今回の研究では、この技術を用いてクローナルな増幅を行うことを目指します。
研究者を目指すきっかけ、現在の分野へ進むこととなった経緯を教えてください
学生時代および研修医時代に、造血幹細胞移植などダイナミックな治療を行う血液内科に魅かれ、血液内科医を志すようになりました。血液内科の臨床は非常に奥が深く、診療技術を磨くことに熱意を注いできました。しかし、現代の医療では治すことができない患者さんがいることもまた事実です。そのような場面を目の当たりにし、臨床医とはまた違う立場から、自分も医学の進歩に貢献したいと考え、血液領域の研究にも足を踏み入れるようになりました。
大学院時代は中島秀明先生(現横浜市大教授)のもと、iPS細胞を利用した研究を行い、大学院卒業後は山崎聡先生(現東大医科学研究所教授)のご指導の下、造血幹細胞の増幅に関する研究に従事してまいりました。基礎研究は、結果が出るまでの時間が長く、また日々遅くまで頑張っても必ずしも報われるわけではありません。心が折れそうになることは何度もありましたが、根気強く伴走してくださった先生方には深く感謝しています。
これまでのキャリアで印象に残っている経験を教えてください
血液内科は、化学療法や造血幹細胞移植が治療のメインになるため、比較的長期の入院を要する患者さんが多い診療科です。患者さんが長い入院生活を終え、社会復帰し、学業あるいは仕事を立派にこなす姿をみることは、何より喜びです。彼ら/彼女らから、私自身も大きな勇気をもらいますし、それが新たなモチベーションを生み出します。
この領域は、進歩も早く、新しい治療法がどんどん使えるようになることも魅力の1つです。最近使用できるようになったCAR-T細胞療法も、他分野に先駆けて血液内科領域において実臨床で広く活用されつつあります。私も血液内科医となって15年が経過しますが、その間にも多くの医学の進歩をすでに経験することができました。そしてこれからもそのような経験ができると思うと、わくわくします。
今後の応募者へのアドバイス、若手研究者へのエールをお願いします
私自身も修行中の身ですので、あまり気の利いたことは言えませんが、臨床医をしながら研究も行う医師も一定数は必要だと考えています。
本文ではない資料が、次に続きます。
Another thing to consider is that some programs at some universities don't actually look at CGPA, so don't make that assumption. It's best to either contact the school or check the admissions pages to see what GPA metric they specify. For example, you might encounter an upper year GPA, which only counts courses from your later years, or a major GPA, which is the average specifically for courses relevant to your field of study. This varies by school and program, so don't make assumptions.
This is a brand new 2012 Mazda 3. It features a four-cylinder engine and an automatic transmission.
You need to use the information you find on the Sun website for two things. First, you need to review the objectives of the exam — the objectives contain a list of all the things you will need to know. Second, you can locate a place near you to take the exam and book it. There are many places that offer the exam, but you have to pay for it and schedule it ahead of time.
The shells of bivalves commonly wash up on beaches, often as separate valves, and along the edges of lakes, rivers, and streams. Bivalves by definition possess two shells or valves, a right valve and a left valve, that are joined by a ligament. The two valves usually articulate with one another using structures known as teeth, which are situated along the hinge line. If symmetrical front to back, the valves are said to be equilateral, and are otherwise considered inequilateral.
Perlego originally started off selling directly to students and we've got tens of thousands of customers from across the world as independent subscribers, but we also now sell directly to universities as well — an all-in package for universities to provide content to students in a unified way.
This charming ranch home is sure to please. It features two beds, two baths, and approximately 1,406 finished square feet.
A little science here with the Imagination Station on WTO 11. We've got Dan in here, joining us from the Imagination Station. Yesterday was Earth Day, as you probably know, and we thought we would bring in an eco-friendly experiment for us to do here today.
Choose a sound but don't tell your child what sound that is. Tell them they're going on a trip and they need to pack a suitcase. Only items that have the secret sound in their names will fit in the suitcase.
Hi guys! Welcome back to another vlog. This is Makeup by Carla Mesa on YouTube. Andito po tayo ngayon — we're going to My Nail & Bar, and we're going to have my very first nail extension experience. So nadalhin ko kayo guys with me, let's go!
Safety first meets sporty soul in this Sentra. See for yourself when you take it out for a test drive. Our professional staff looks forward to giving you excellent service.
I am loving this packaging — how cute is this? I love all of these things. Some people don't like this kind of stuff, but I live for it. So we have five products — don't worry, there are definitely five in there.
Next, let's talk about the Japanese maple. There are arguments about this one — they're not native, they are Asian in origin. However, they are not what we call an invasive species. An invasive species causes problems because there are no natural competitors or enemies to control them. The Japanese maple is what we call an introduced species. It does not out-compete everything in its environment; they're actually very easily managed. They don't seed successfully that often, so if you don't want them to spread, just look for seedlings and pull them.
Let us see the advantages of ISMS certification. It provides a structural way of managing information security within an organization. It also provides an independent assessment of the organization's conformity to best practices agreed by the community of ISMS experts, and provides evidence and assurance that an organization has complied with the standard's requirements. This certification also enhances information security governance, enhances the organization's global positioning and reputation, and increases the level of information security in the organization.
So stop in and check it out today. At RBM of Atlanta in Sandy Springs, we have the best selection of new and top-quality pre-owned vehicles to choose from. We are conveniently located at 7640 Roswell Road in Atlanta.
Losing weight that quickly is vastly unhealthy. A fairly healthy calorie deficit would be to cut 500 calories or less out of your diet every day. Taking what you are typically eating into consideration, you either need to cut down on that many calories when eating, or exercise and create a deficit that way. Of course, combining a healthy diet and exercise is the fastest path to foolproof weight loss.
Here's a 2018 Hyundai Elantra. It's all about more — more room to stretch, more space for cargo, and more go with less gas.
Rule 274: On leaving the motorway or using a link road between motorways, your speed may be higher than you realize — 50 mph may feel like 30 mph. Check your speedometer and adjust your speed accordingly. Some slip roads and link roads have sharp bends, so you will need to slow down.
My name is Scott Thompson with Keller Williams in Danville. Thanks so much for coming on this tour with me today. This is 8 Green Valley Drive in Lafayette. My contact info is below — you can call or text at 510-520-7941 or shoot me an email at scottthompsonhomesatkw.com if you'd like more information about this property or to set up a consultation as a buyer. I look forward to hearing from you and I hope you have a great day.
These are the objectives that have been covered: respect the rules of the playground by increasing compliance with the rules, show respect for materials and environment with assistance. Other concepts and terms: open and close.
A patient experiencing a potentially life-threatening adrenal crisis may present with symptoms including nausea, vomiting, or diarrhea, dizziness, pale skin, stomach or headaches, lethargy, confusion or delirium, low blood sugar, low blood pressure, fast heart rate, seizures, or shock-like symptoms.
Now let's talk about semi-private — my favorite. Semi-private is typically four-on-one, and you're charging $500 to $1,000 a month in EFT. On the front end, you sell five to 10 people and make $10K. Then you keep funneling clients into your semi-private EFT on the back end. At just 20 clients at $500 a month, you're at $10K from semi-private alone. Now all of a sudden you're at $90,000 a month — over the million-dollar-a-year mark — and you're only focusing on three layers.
医療の現場感覚を持つことは、研究テーマの探索にも役立つと思います。一方で、研究に割く時間は限られ、また現場を知っているからこそ、「これは現実的ではない」とアイデアに制限が生まれてしまうこともあるかもしれません。私は、多面的に物事を見ることができるよう、様々なバックグラウンドを持った研究者・医師との対話を心掛けるようにしています。
研究を行うことで、臨床への還元もあると感じていますし、両輪でいくからこそ生まれるモチベーションもあると感じています。研究は苦しいことも多いですが、臨床とは異なる魅力もあるので、それを感じていただき、創造性やチャレンジ精神を発揮する場としていただくと、結果的に臨床も研究も頑張れるのかなと思っています。
将来の夢や、研究を発展させるビジョンについて教えてください
自分が研究した内容を、直接患者さんへ還元できたら一番ですが、なかなかそうはならないと思いますので、次世代の研究者への橋渡しに少しでもなれたらと思っています。私自身も過去の知見の上に成り立つ研究をしていますし、自分の研究も、これから研究する方々の礎となることができれば、大変喜ばしいことだと感じます。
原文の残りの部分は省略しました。